Data for the task
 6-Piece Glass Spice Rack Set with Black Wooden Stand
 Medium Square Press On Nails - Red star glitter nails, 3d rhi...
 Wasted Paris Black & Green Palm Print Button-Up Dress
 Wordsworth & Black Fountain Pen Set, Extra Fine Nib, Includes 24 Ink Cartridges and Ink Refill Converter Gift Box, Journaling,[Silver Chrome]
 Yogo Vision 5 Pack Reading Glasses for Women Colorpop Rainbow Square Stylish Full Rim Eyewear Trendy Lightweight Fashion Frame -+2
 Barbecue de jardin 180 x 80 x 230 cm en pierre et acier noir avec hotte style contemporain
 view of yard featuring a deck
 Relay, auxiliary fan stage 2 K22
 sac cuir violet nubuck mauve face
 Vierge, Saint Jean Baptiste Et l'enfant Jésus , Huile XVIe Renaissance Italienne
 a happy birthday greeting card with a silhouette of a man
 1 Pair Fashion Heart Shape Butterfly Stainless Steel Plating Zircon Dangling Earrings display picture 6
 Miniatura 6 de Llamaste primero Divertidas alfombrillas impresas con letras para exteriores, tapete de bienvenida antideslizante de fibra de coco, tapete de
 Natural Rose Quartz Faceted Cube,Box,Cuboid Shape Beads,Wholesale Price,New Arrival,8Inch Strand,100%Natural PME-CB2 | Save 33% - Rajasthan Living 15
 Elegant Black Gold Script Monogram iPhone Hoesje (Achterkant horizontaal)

To do
Beginning with the line above that contains "Wordsworth & Black", copy each line exactly up to and including the line that contains "1 Pair Fashion", and go no further.

Reply to the exercise
 Wordsworth & Black Fountain Pen Set, Extra Fine Nib, Includes 24 Ink Cartridges and Ink Refill Converter Gift Box, Journaling,[Silver Chrome]
 Yogo Vision 5 Pack Reading Glasses for Women Colorpop Rainbow Square Stylish Full Rim Eyewear Trendy Lightweight Fashion Frame -+2
 Barbecue de jardin 180 x 80 x 230 cm en pierre et acier noir avec hotte style contemporain
 view of yard featuring a deck
 Relay, auxiliary fan stage 2 K22
 sac cuir violet nubuck mauve face
 Vierge, Saint Jean Baptiste Et l'enfant Jésus , Huile XVIe Renaissance Italienne
 a happy birthday greeting card with a silhouette of a man
 1 Pair Fashion Heart Shape Butterfly Stainless Steel Plating Zircon Dangling Earrings display picture 6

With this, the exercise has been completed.